To guarantee that cert-manager is not only deployed but also functional, employ the validateHealths flag. The below ClusterProfile will deploy cert-manager in any cluster matching the label selector env=fv and subsequently wait for all deployments in the cert-manager namespace to reach a healthy state (active replicas matching requested replicas) before setting the ClusterProfile as provisioned.

---
apiVersion: config.projectsveltos.io/v1beta1
kind: ClusterProfile
metadata:
  name: cert-manager
spec:
  clusterSelector:
    matchLabels:
      env: fv
  syncMode: Continuous
  helmCharts:
  - repositoryURL:    https://charts.jetstack.io
    repositoryName:   jetstack
    chartName:        jetstack/cert-manager
    chartVersion:     v1.13.2
    releaseName:      cert-manager
    releaseNamespace: cert-manager
    helmChartAction:  Install
    values: |
      installCRDs: true
  validateHealths:
  - name: deployment-health
    featureID: Helm
    group: "apps"
    version: "v1"
    kind: "Deployment"
    namespace: cert-manager
    script: |
      function evaluate()
        local hs = {healthy = false, message = "available replicas not matching requested replicas"}
        if obj.status and obj.status.availableReplicas ~= nil and obj.status.availableReplicas == obj.spec.replicas then
          hs.healthy = true
        end
        return hs
      end

Common Expression Language (CEL) for Health Validation

Alternatively, you can use Common Expression Language (CEL), which offers a more concise way to define the same health rule.
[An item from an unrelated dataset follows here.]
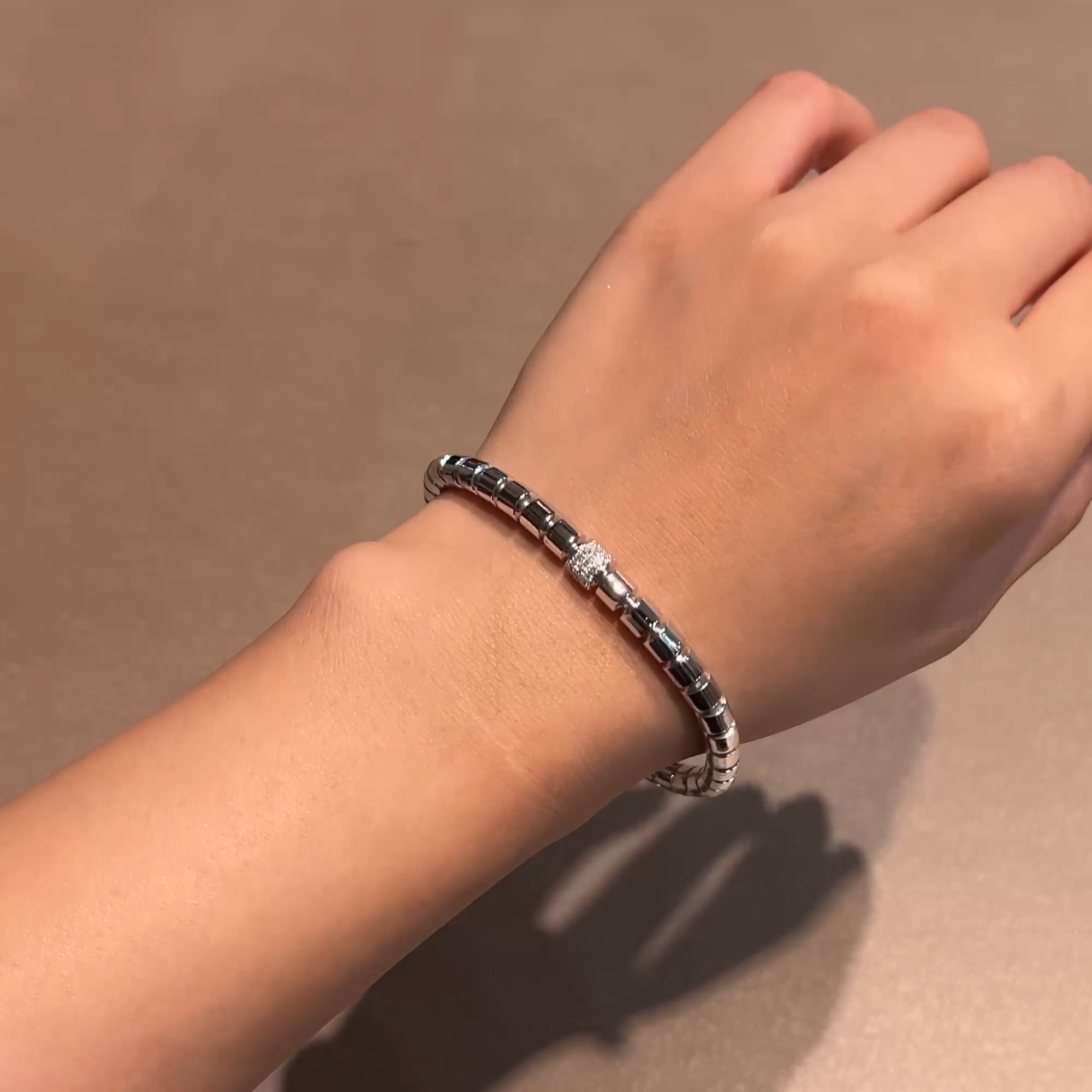 Amalfi 0.36ct Diamond Medium Angular Link Expandable Bangle in 18ct White Gold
The example below uses a CEL expression to check if the availableReplicas are equal to the requested replicas. The result is the same as the Lua script, providing a healthy and succinct way to validate the state of your deployments.

---
apiVersion: config.projectsveltos.io/v1beta1
kind: ClusterProfile
metadata:
  name: cert-manager
spec:
  clusterSelector:
    matchLabels:
      env: fv
  syncMode: Continuous
  helmCharts:
  - repositoryURL:    https://charts.jetstack.io
    repositoryName:   jetstack
    chartName:        jetstack/cert-manager
    chartVersion:     v1.13.2
    releaseName:      cert-manager
    releaseNamespace: cert-manager
    helmChartAction:  Install
    values: |
      installCRDs: true
  validateHealths:
  - name: deployment-health
    featureID: Helm
    group: "apps"
    version: "v1"
    kind: "Deployment"
    namespace: cert-manager
    evaluateCEL:
    - name: deployment_replicas
      rule: resource.status.availableReplicas == resource.spec.replicas

Metric-Based Health Validation

In addition to checking Kubernetes resource state, validateHealths entries can query a Prometheus-compatible metrics endpoint to gate deployment on live application signals. For example, Sveltos can confirm an error rate is below a threshold before considering a release healthy.

How it works

Add a metricSource field with the URL of the Prometheus endpoint, and one or more metricQueries. Each query is a named PromQL expression that must return a scalar value. Sveltos evaluates each query and exposes the results as a global metrics table inside the Lua evaluate() function. The key of each entry is the name given to the query.

validateHealths:
- name: error-rate-low
  featureID: Helm
  metricSource:
    url: http://prometheus-server.monitoring.svc:9090
  metricQueries:
  - name: errorRate
    query: >-
      sum(rate(http_requests_errors_total{namespace="my-app"}[5m]))
      /
      sum(rate(http_requests_total{namespace="my-app"}[5m]))
  script: |
    function evaluate()
      if metrics["errorRate"] > 0.05 then
        return {healthy = false, message = "error rate above 5%: " .. metrics["errorRate"]}
      end
      return {healthy = true, message = ""}
    end

The check above prevents Sveltos from marking the Helm feature as healthy until the error rate falls at or below 5 %. If the check fails, Sveltos retries according to the normal requeue interval. No deployment progress is marked until healthy = true is returned.

Push mode vs. pull mode

Mode	Who queries the endpoint
Push	The `addon-controller` running in the management cluster. The `metricSource.url` must be reachable from the management cluster.
Pull	The `sveltos-applier` agent running inside the managed cluster. The URL is resolved via in-cluster DNS, so a cluster-local Prometheus service name (e.g. `http://prometheus-server.monitoring.svc:9090`) works without any external exposure.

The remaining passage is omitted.